The chainsaw became a productive (destructive?) outlet for a grandson who wanted nothing to do with painting outhouses, raking leaves, staining decks, cutting gyprock or moving rocks. If you wanted me to work, give me a chainsaw and point at a tree.

The chainsaw outlived many trees, and even outlived the management at the hardware store where my grandfather bought the saw. Every couple of years, he would return faithfully to the same store, replacing the chain several times and ordering a new guide bar that never came for five years. Just as he could never get the right guide bar ordered, because this chainsaw was apparently a one-of-a-kind saw, he could never get the right size chain. He would thus have to remove one link everytime he replaced the chain.

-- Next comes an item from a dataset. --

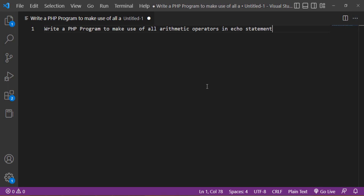In this class I will discuss a problem: write a PHP program to make use of all arithmetic operators in an echo statement. This is a PHP programming course where you will learn PHP and how to solve different problems. PHP is a very important programming language for web development, used on the backend side to create functionality.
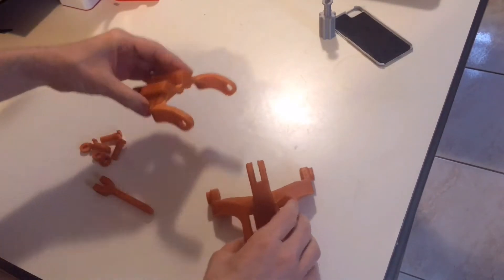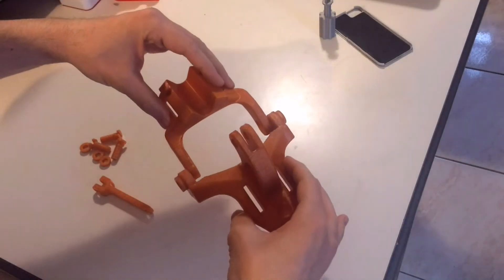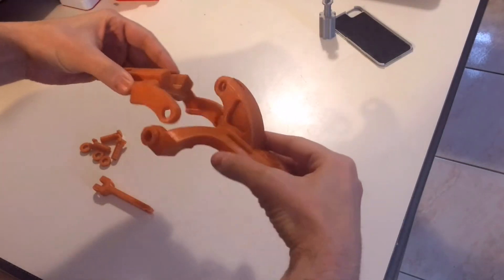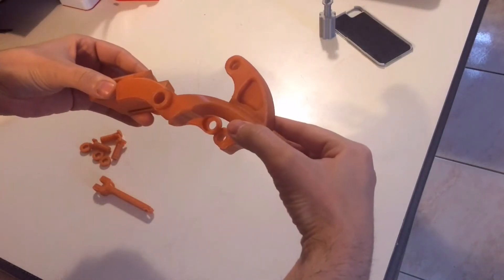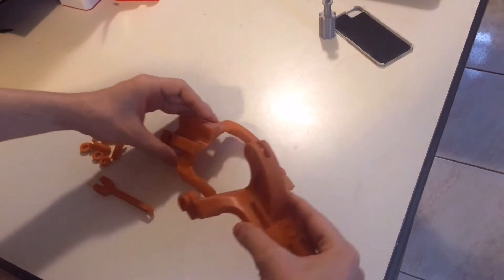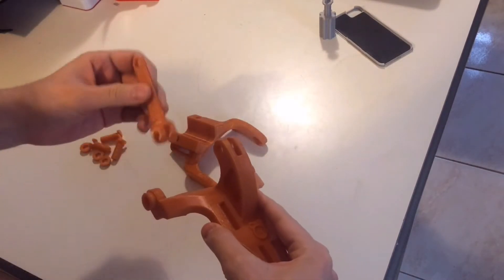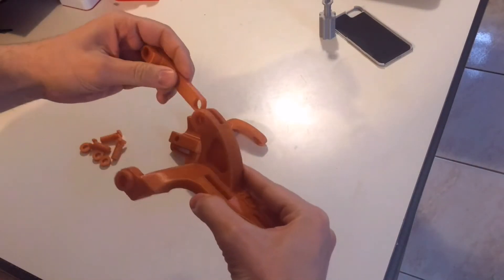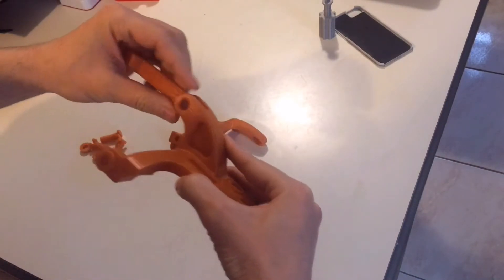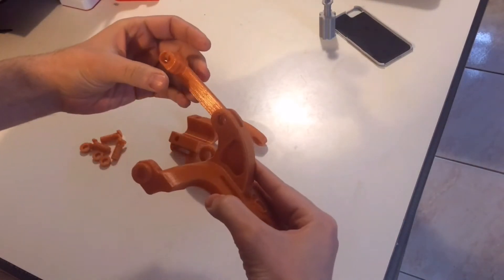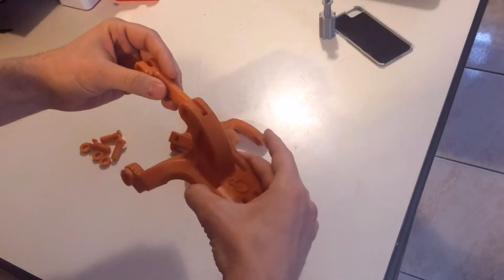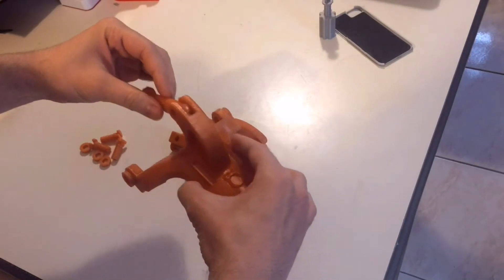Anyway, this piece will connect like so. And this piece will go here. Okay, so I'm going to put all this together, and then we'll go from there.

The Basswood Chainsaw Massacre

One summer, I became paranoically perturbed by the large number of basswood growing up under the telephone lines and throughout the woods. It became apparent to me that the basswood was involved in an insidious plot to suck the life out of the beautiful birches, oaks, and maples of the forest. This plot had to be confounded, and I was the man to do it. I spent whole days walking through the forest, seeking and destroying by chainsaw the young and old basswood, cutting them mercilessly down to suffer the most ignominious disintegration. I could literally hear the rejoicing of the liberated oaks, raining down thanks upon me for my discriminating assault. I look back on the Basswood Massacre as perhaps an excess.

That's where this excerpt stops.